Honestly, there was minimal handling of any sort between the dogs and handlers. Some leash holding for restrained recalls and a couple of points at tunnels (other dogs ran through to the target and trainer, but Kylie was in no way doing that, so we switched places). I think that's about it, the whole time. Trainer petting and feeding Kylie came from just hanging out and private lessons.

So, yeah, pretty much not a thing. Just speak up and the trainer should work with you.


----------



## pawsaddict (Apr 17, 2013)

Laurelin said:


> My trainer never got a hand on Mia. If he has a stay you should be able to work around most things using that to position him and then call him through.


Agreed. Nova hates being handled by instructors, and when they try and handle her, she just bails and tries to get the heck away. A solid stay really helped because the instructor didn't need to hold her in place at all while I walked ahead. When we were learning new equipment (dog walk or teeter, for example), it was safer for Nova to have me handle her and just have the instructor walk with us and slowly talk us through what to do versus actually touching her or her leash.


----------



## taquitos (Oct 18, 2012)

CptJack said:


> If he's super weirded out by being handled by the instructor, you can ask her to stick with just holding his leash so he's more comfortable. It's still not perfect, but Kylie was okay with that, um, about 2 years before she was ready to let our trainer touch her and a good year before she was prepared to even take food from her. ...Silly dogs.





CptJack said:


> Honestly, there was minimal handling of any sort between the dogs and handlers. Some leash holding for restrained recalls and a couple of points at tunnels (other dogs ran through to the target and trainer, but Kylie was in no way doing that, so we switched places). I think that's about it, the whole time. Trainer petting and feeding Kylie came from just hanging out and private lessons.
> 
> So, yeah, pretty much not a thing. Just speak up and the trainer should work with you.





pawsaddict said:


> Agreed. Nova hates being handled by instructors, and when they try and handle her, she just bails and tries to get the heck away. A solid stay really helped because the instructor didn't need to hold her in place at all while I walked ahead. When we were learning new equipment (dog walk or teeter, for example), it was safer for Nova to have me handle her and just have the instructor walk with us and slowly talk us through what to do versus actually touching her or her leash.

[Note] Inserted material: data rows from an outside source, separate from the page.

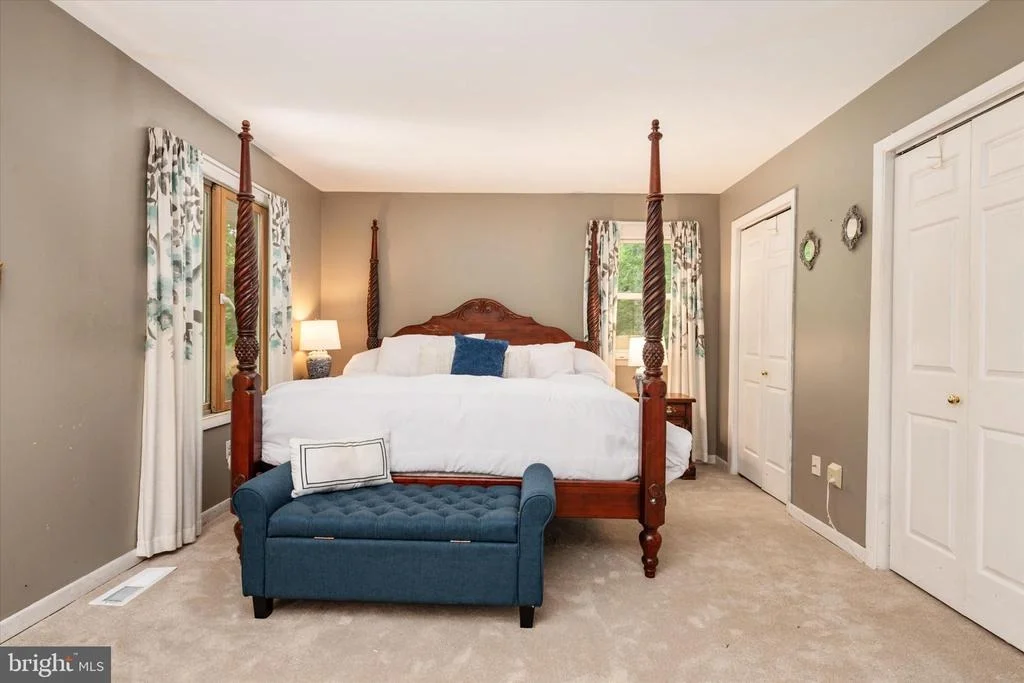 Photo of 2194 HALLMARK COURT
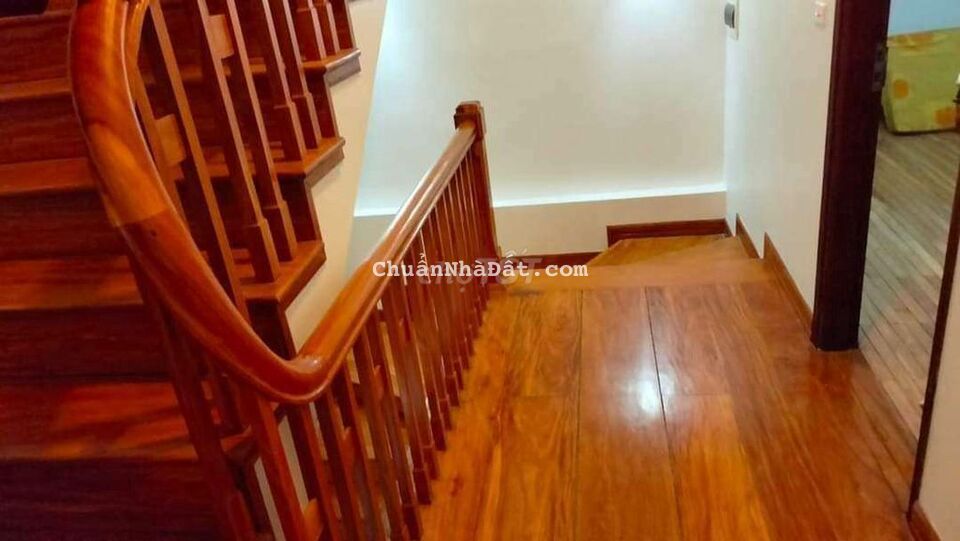 BÁN ĐẤT TẶNG NHÀ 3 TẦNG PHỐ THƯợNG CÁT, 335M, Ô TÔ VÀO NHÀ GIÁ 8.3 TỶ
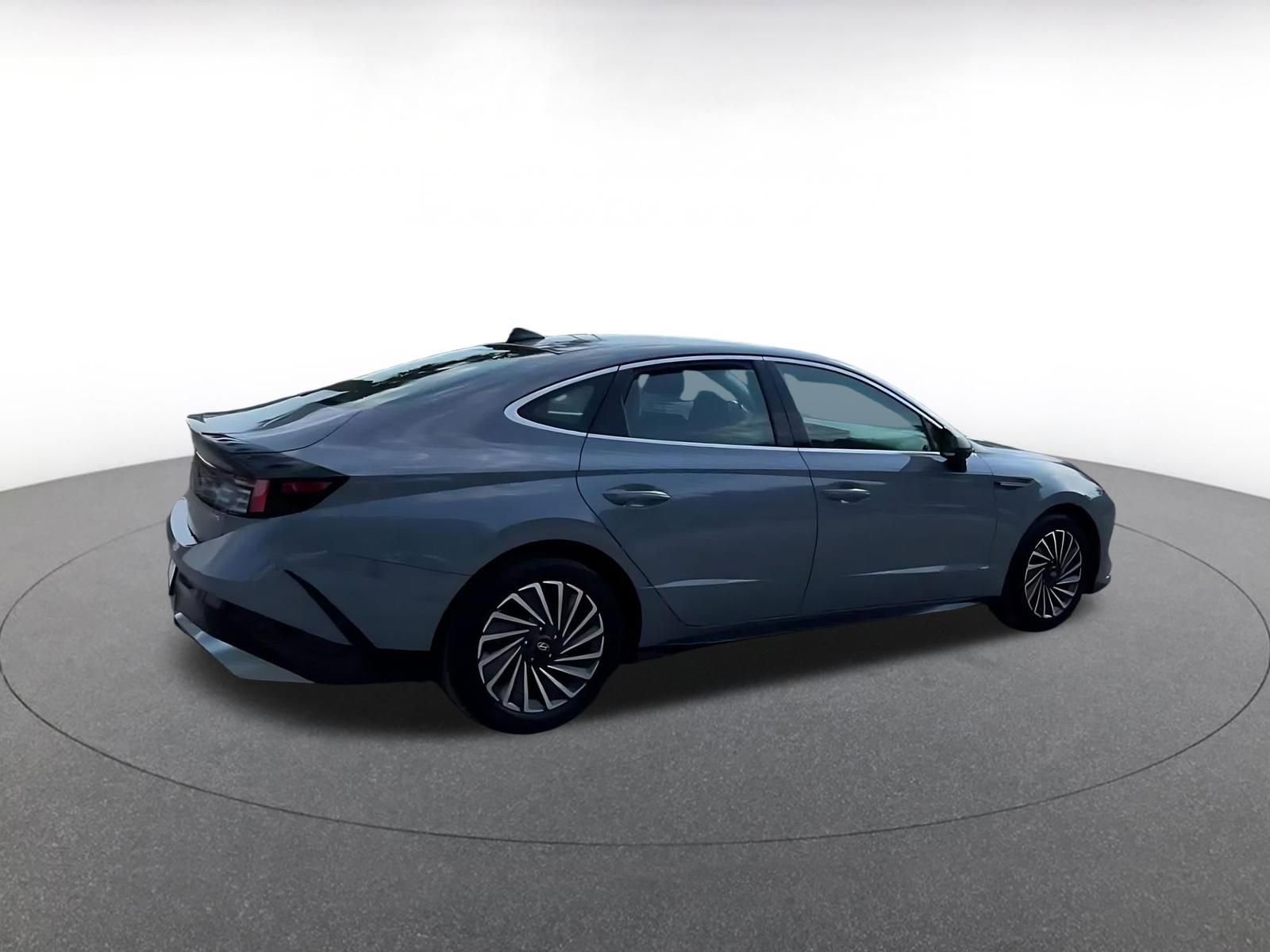 Thumbnail: 2025 Hyundai Sonata - 14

Thank you for the tips. Honestly I think he'll be OK. He does have a good stay but he chose to go around the obstacles rather than over/through them during our first session which is why she had to hold him, but next time I'll try using a stay instead of her handling him!


----------



## LoMD13 (Aug 4, 2010)

Hooray Meeko! I'm sure you guys did great and I can't wait to hear about his future classes!

Lola's pretty weird about wobbly things too. it took me actually building an adjustable teeter and practicing every day for her to be able to do it. Now she has some trouble with the dog walk because it wiggled on her once While she was walking on the straight part. So she zooms up, zooms down, but trots verrrrrry cautiously over the straight part.


----------



## taquitos (Oct 18, 2012)

LoMD13 said:


> Hooray Meeko! I'm sure you guys did great and I can't wait to hear about his future classes!
> 
> Lola's pretty weird about wobbly things too. it took me actually building an adjustable teeter and practicing every day for her to be able to do it. Now she has some trouble with the dog walk because it wiggled on her once While she was walking on the straight part. So she zooms up, zooms down, but trots verrrrrry cautiously over the straight part.

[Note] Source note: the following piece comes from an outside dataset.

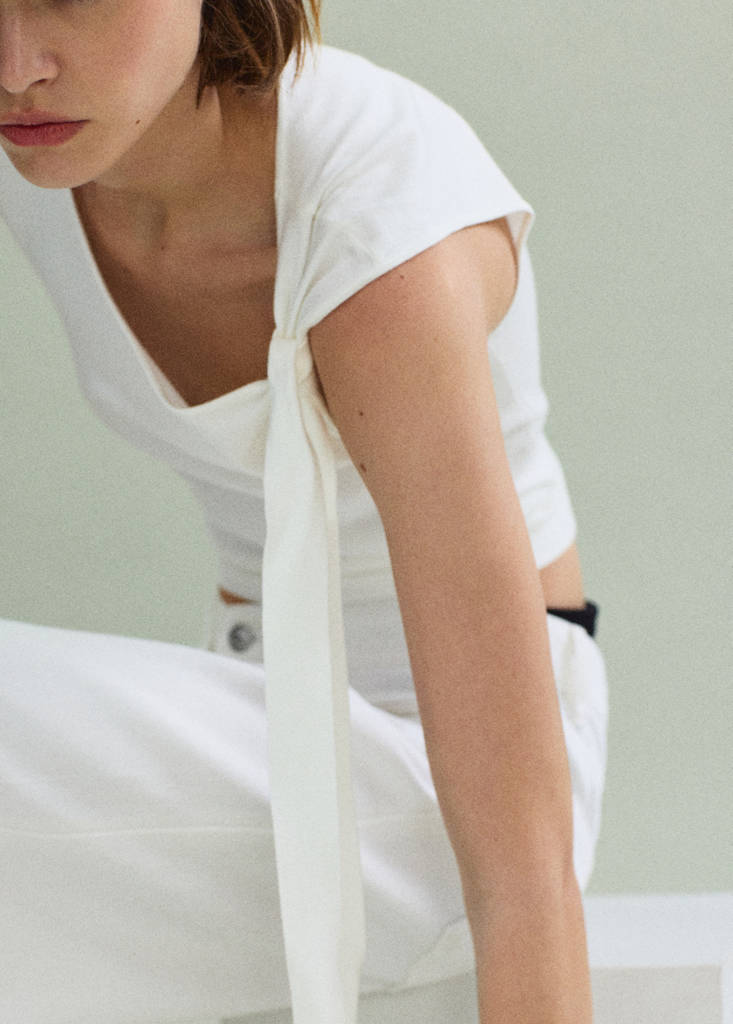 Fine knit jumper with bow detail — White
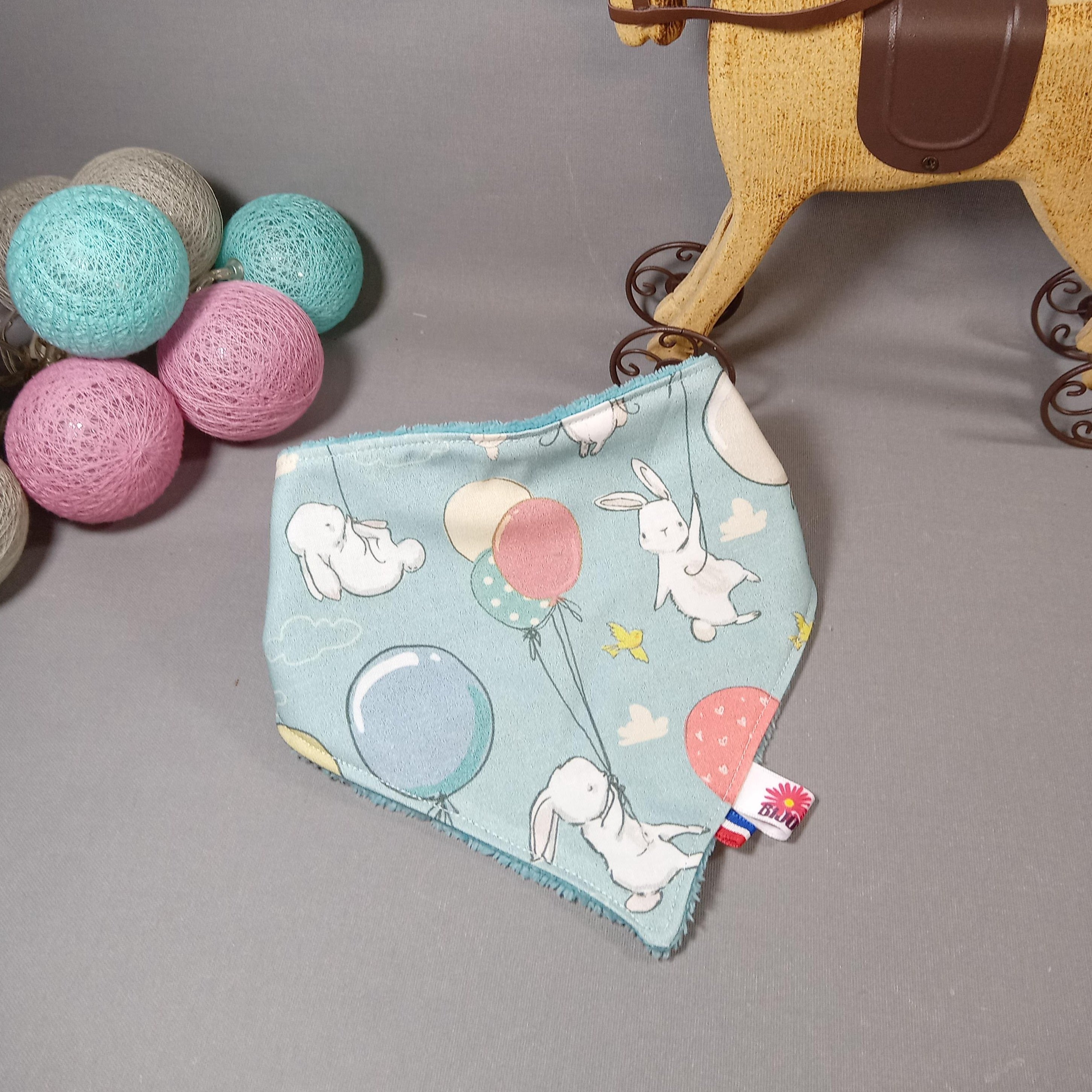 Bavoirs bandana bébé disponibles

Yeah we've been working on this with a skateboard but he is still pretty suspicious of wobbly things. I think I may have to invest in a wobble board and get him used to walking around on it... but it's going to take a loong time!

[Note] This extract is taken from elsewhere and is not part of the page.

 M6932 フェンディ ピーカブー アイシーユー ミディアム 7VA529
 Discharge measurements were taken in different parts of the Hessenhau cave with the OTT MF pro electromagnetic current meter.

We have our second agility class tonight! Meeko and I have had a lot of homework since we have the agility class + we signed up for a Fenzi Dog Sports Academy course (CLARITY AND CALM IN A CHAOTIC WORLD, HANDLING DISTRACTIONS).


----------



## taquitos (Oct 18, 2012)

We worked on the U tunnel, the A frame and combining various obstacles (no more than three so far) today. He did great! The U tunnel really freaked him out but once he went through it once he was totally cool with it and flew through it.

We've started putting him in a sit-stay and then calling him through stuff now. He seems to like it a lot more and now that he's figured out most of the obstacles it's become easier to do it this way 

We're getting there! He's still really unsure but I think he's becoming more confident. he remembered the straight tunnel from last time. I think it's his favorite obstacle so far lol!


----------